What to work on:
Please take the lines from the one holding "Victoria Secret Sports Bra" through the one holding "Northeast South Bend" in the data below and copy them exactly.

[Supplied data Boundary: Start]

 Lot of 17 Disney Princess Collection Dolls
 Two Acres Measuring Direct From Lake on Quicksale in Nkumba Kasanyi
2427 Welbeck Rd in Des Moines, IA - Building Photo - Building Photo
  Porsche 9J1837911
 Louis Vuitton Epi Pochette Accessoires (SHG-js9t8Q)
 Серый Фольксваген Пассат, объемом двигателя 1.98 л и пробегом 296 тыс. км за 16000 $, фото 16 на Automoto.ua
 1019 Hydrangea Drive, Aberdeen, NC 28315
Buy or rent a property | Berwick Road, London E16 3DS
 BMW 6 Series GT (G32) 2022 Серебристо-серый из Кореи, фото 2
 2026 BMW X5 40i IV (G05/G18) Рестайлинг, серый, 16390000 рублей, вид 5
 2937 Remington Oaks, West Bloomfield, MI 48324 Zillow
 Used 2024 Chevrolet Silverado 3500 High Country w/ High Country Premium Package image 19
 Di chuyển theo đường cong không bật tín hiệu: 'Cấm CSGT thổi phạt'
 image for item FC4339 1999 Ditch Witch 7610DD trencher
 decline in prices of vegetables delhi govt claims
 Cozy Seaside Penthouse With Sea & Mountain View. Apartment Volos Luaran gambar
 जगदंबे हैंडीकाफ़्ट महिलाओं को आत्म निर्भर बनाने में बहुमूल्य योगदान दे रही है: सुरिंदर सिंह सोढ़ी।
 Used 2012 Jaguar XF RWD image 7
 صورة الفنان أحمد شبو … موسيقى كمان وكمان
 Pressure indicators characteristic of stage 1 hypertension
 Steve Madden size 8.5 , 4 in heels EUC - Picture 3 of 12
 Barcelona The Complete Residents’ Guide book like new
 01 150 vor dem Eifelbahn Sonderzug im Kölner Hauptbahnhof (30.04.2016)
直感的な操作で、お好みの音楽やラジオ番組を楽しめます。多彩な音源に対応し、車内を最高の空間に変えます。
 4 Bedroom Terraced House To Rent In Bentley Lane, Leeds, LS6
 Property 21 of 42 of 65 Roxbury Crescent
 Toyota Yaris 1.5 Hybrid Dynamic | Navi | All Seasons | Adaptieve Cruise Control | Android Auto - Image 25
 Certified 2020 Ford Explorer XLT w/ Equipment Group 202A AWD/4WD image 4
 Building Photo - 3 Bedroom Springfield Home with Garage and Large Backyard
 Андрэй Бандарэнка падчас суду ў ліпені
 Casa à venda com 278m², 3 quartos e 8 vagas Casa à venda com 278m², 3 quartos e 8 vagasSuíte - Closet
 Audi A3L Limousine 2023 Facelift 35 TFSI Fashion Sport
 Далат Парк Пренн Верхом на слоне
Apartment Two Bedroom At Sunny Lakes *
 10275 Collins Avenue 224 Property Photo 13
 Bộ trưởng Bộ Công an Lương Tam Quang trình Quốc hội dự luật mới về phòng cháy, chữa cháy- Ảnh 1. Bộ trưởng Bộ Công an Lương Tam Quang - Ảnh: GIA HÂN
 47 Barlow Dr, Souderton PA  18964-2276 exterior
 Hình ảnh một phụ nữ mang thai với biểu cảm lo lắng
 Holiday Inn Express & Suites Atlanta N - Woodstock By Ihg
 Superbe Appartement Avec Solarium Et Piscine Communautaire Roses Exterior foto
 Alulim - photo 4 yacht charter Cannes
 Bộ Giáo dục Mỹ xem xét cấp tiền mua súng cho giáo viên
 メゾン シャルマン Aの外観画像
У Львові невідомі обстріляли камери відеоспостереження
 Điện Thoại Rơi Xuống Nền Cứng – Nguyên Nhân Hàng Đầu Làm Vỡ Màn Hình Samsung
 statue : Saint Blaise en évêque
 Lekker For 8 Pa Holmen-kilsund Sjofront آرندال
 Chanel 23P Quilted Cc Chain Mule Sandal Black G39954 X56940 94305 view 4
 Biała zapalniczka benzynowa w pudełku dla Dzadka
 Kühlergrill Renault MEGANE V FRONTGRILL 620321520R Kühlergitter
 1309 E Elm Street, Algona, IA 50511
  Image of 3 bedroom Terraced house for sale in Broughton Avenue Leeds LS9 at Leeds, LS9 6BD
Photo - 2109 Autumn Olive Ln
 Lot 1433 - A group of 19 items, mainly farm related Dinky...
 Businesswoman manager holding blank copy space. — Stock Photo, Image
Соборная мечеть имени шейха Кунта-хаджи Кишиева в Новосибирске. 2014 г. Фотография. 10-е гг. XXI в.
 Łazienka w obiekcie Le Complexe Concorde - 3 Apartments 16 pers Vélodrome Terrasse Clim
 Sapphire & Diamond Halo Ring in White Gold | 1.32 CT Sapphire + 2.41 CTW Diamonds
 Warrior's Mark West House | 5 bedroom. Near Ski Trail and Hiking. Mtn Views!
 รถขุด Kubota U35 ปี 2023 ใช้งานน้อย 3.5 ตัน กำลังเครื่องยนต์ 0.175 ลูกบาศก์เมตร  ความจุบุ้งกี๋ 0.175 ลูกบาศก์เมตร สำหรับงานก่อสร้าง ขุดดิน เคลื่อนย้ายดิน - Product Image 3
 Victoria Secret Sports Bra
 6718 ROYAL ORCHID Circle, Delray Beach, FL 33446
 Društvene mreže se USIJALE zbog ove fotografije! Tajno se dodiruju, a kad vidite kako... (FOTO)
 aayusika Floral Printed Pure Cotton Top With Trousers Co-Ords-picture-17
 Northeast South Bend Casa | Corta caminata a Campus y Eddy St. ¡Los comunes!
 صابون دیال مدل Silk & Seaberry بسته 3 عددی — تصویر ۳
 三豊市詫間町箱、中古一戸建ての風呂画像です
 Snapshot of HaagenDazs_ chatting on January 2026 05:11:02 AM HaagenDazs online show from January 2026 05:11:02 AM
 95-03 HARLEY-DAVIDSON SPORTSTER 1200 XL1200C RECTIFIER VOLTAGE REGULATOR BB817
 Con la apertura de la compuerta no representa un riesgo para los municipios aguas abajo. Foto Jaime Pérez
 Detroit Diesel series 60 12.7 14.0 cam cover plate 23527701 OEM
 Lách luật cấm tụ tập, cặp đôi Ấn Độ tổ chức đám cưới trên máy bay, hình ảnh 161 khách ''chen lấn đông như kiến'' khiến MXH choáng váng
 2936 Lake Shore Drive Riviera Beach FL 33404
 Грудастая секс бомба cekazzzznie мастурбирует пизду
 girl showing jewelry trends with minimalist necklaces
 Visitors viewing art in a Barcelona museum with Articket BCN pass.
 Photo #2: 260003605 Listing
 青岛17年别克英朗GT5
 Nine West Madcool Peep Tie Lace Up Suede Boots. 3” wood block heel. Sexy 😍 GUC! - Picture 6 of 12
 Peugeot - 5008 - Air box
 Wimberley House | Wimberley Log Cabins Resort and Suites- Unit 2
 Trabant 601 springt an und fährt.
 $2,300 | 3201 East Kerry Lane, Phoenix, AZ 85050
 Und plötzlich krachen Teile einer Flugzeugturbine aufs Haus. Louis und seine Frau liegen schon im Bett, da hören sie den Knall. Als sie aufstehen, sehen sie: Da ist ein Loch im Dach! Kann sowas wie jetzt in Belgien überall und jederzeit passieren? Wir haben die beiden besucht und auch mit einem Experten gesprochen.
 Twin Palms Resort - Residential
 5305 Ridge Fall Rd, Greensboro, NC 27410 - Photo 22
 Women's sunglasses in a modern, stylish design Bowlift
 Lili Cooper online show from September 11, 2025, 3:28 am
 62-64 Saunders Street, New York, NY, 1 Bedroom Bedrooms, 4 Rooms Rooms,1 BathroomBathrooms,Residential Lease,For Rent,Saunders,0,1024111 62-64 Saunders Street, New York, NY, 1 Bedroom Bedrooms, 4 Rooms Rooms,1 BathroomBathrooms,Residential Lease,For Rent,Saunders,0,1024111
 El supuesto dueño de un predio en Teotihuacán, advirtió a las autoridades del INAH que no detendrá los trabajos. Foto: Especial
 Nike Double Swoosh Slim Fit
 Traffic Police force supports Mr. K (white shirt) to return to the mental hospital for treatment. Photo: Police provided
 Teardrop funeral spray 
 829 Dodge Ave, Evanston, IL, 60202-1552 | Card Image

[Supplied data Boundary: End]

Exercise solution:
 Victoria Secret Sports Bra
 6718 ROYAL ORCHID Circle, Delray Beach, FL 33446
 Društvene mreže se USIJALE zbog ove fotografije! Tajno se dodiruju, a kad vidite kako... (FOTO)
 aayusika Floral Printed Pure Cotton Top With Trousers Co-Ords-picture-17
 Northeast South Bend Casa | Corta caminata a Campus y Eddy St. ¡Los comunes!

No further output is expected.